Hoje quando eu vejo alguém me chamar de mestre eu fico com vergonha. Eu ainda não me considero um mestre, eu sei que ainda tenho muito o que aprender com 43 anos. Mas o grande segredo de tudo que aprendi foi pé no chão, não adianta você achar que é melhor do que ninguém tocando. Quanto mais você estudar mais você tem que ajudar o outro que não sabe, isso eu aprendi aqui. Na minha época, isso era lei! A gente tinha que ensinar o outro.

 

Vocês aqui estão tendo a oportunidade que eu não tive, na minha época pra aprender algum outro instrumento, a  gente pegava a fita cassete.

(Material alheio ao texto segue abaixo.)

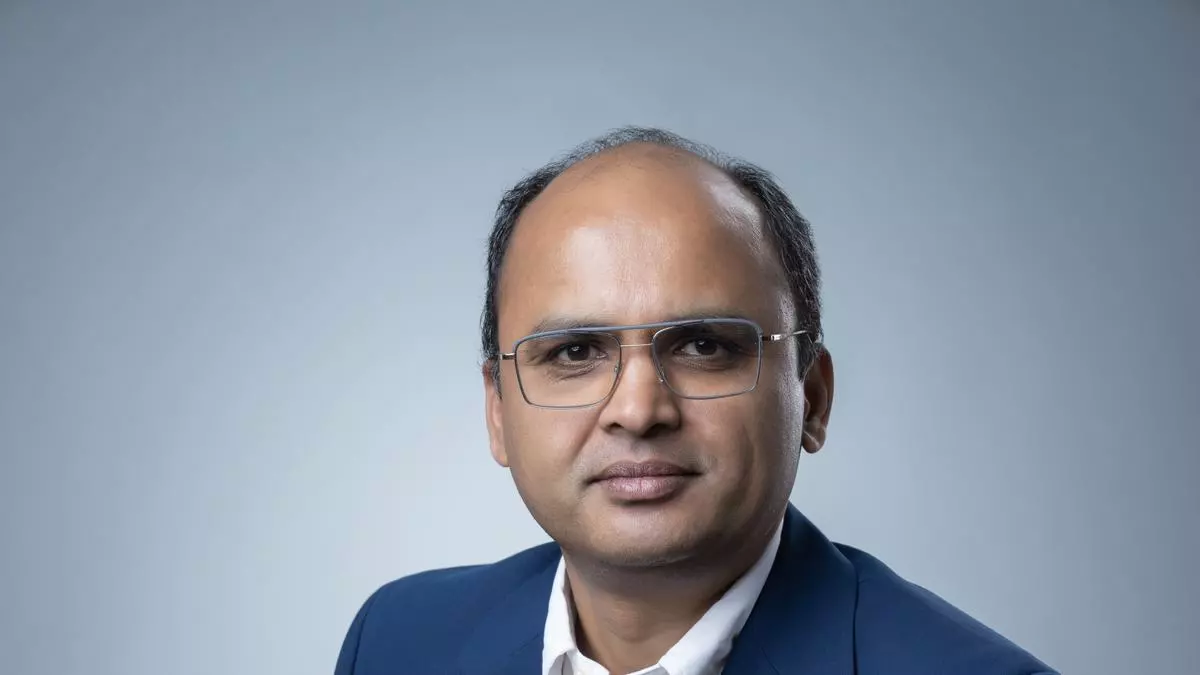 Fintech start-up Perfios appoints ex-Adobe BFSI head Sridhar Narayan as ...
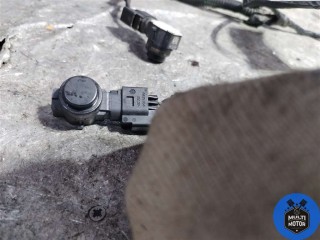 Парктроник задний, ориг. номер 9675202477, Opel Crossland X 2017-2020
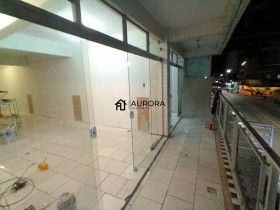 Sala Comercial para Alugar, 50 m² em Nações - Balneário Camboriú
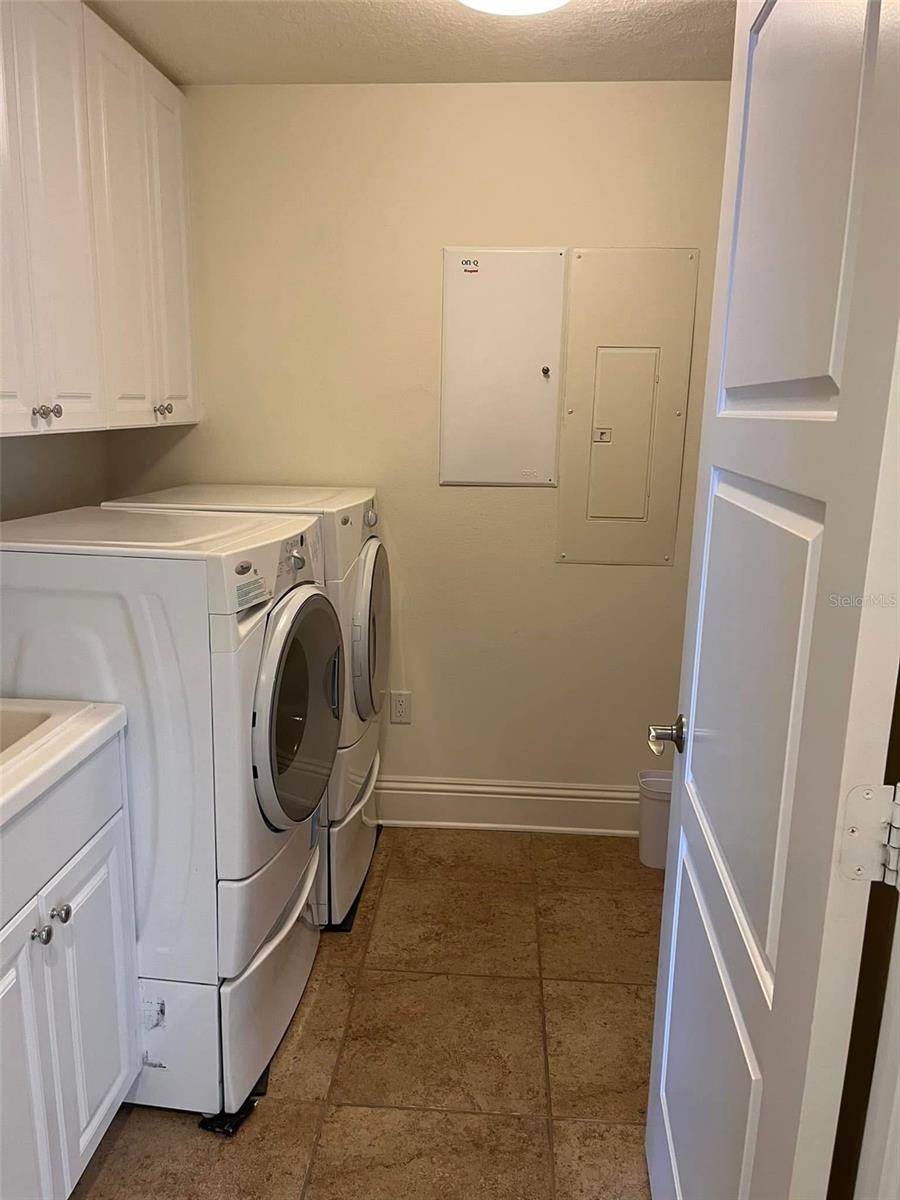 RESIDENCES AT SANDPEARL RESORT CONDO - Residential Lease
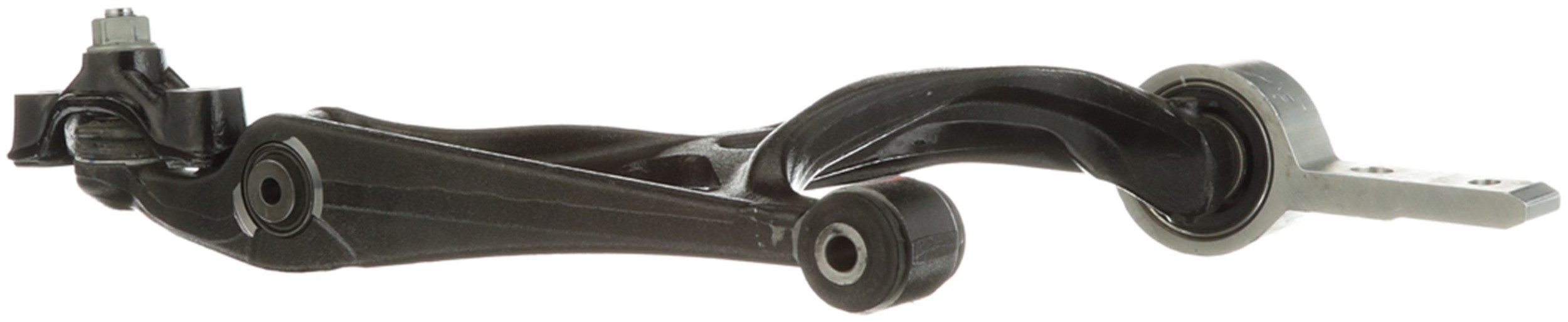 Delphi Control Arm and Ball Joint Assembly TC6145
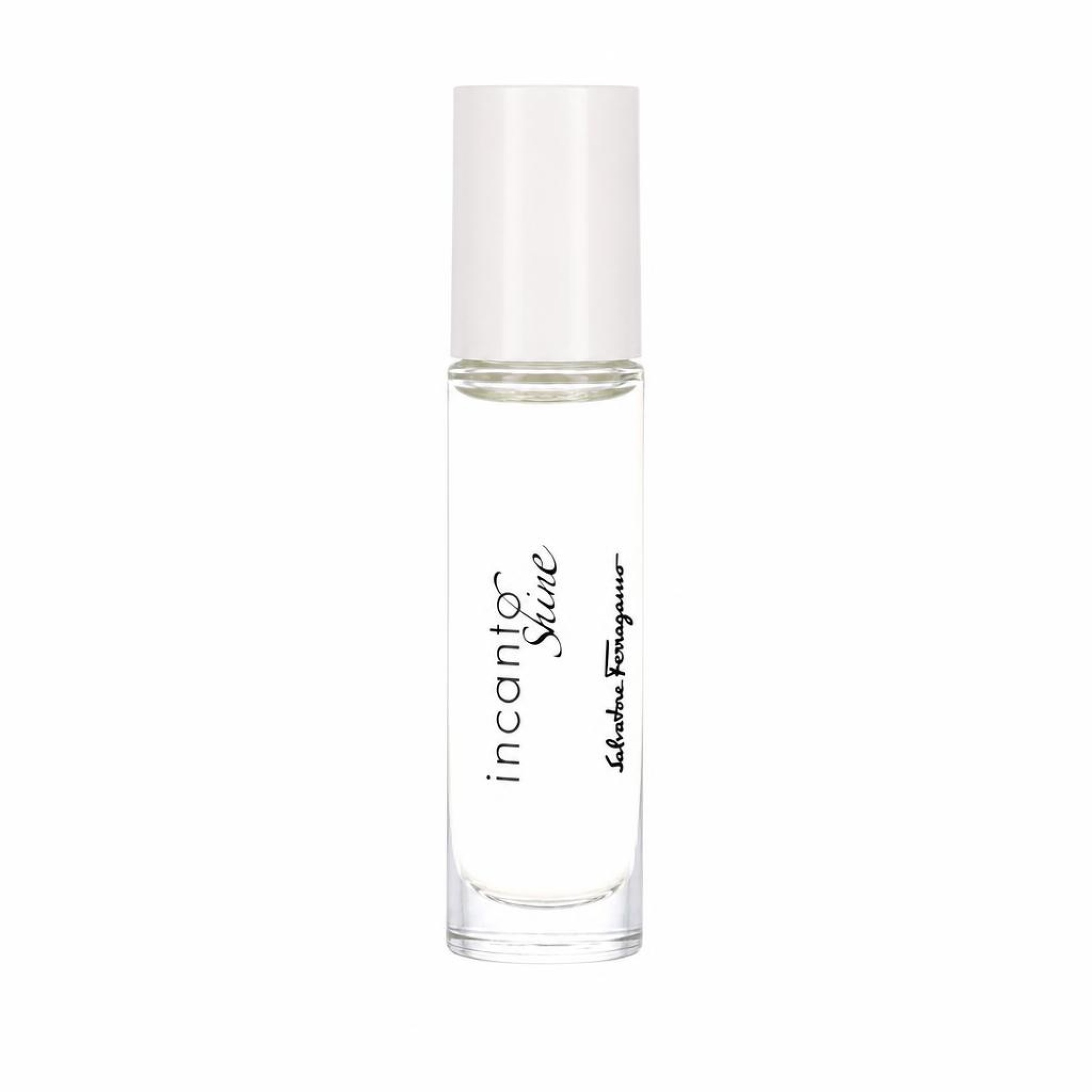 Salvatore Ferragamo Incanto Shine EDT Rollerball 8 ml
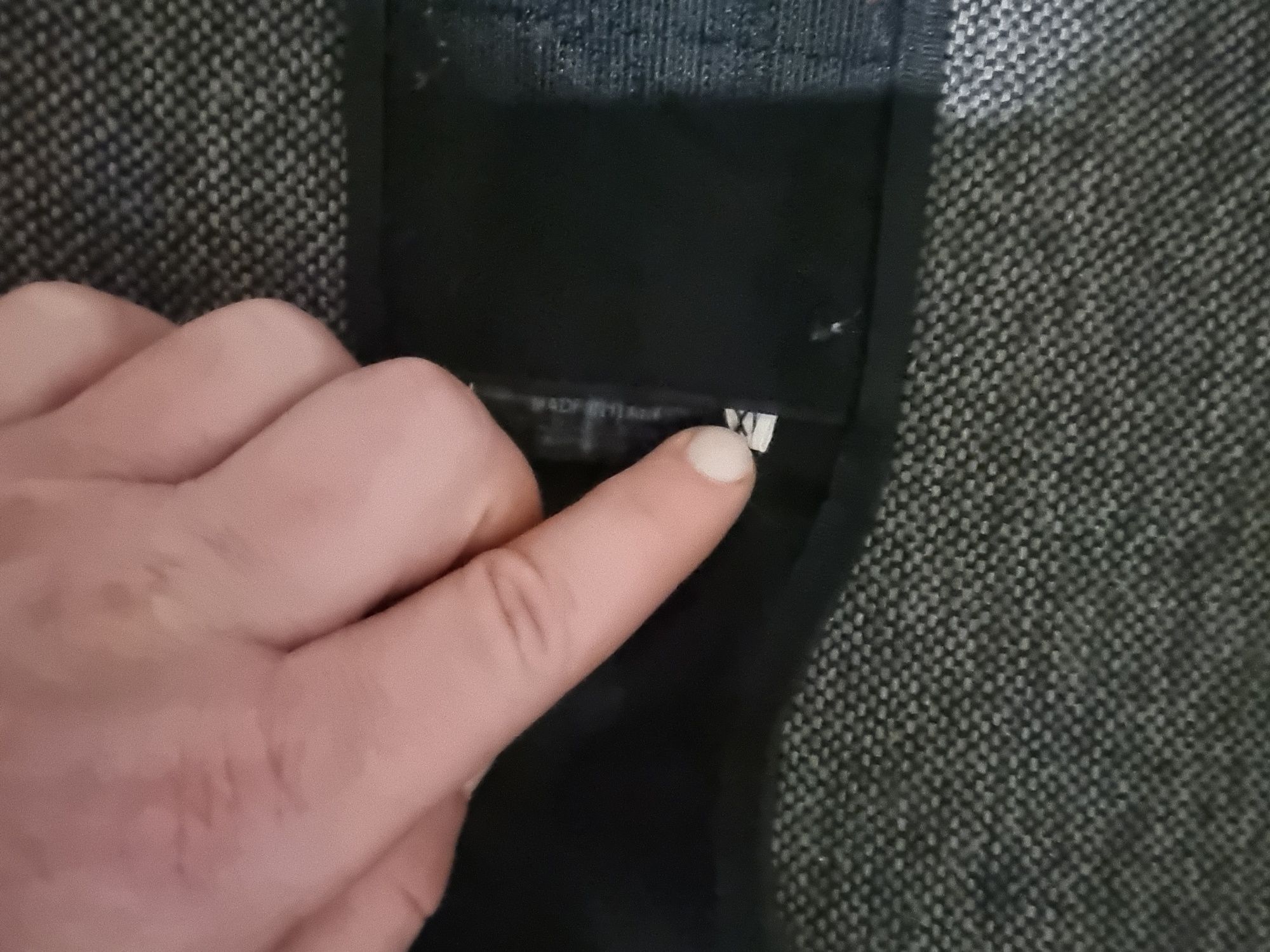 Захист спини Dainese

Era dez dias na casa de um, dez dias na casa de outro. E Brown é que passava essas informações pra gente, então tenham orgulho dessa Escola, abracem a Pracatum e ajudem os outros alunos que chegam aqui pra aprender. Parabéns pra vocês todos.

 

https://www.youtube.com/watch?v=RjqIeb3oUEU

 

Misturando ritmos

 

Em 2016, eu tive uma surpresa do empresário da Contemporânea, Roberto Guariglia disse: Cobra, eu quero fazer um timbau com seu rosto. Eu fiquei um pouco assustado e disse: poxa, o cara que é pra ter o rosto no timbau é Brown. Na verdade, Brown revolucionou o timbau, ele colocou técnicas e bases no timbau que não existiam e quando eu falei isso ele disse: `Mas o que você aprendeu a tocar no Candeal, o que você passa pras pessoas, você tem um jeito de tocar diferente que todo mundo gosta`. E com toda humildade, hoje o timbau Cara de Cobra é um dos timbaus mais vendidos na Europa, no Japão, Estados Unidos e agora tá vendendo em Israel. Então isso é fruto de persistência, de acreditar que a gente pode chegar em algum lugar.

 

Jair (Rezende) também é meu mestre, é um cara que é referência, eu tenho muito respeito. Eu fui tocar no Festival Primitivo BBQ and Music Experience, que são 500 tambores, quando eu cheguei lá fiquei com medo e pensei: rapaz como foi que Jair regeu esses caras aqui ? E todo mundo falando: Cobra faça do seu jeito e foi o momento que eu lembrei do Vai Quem Vem, lembrei das bases e lembrei também das minhas referências: Baldino, Claudio, Sergio Bem-te-Vi, Anizinho.

 

Mas o que eu gosto de fazer tocando percussão é misturar os ritmos, misturar as levadas. Isso foi uma coisa que Brown ensinou a gente: ó tem que misturar timbau com conga, misturar timbau com atabaque. Isso foi uma coisa que nasceu no Candeal. Isso não tinha na música baiana. Eu posso falar que eu comecei a ouvir black music no Candeal. A gente escutava muita coisa do black e do soul, a gente escutava James Brown… rapaz que som doido…. e daqui a pouco Brown fazia um arranjo e já pensava nessas coisas. A percussão baiana teve uma evolução quando Brown colocou a batida do black e do soul nos surdos, no timbau e na bacurinha. Eu mostrei muito isso lá na Espanha, as levadas de funk num surdo e as divisões.

 

Eu quero ensinar a vocês a misturar as coisas, ensinar a vocês como se cria uma levada, vamo nessa?

Bacurinha! 1, 2 3 e….”.

 

Depoimento do músico Cara de Cobra à turma de percussão de Jair Rezende na Escola Pracatum, agosto /18.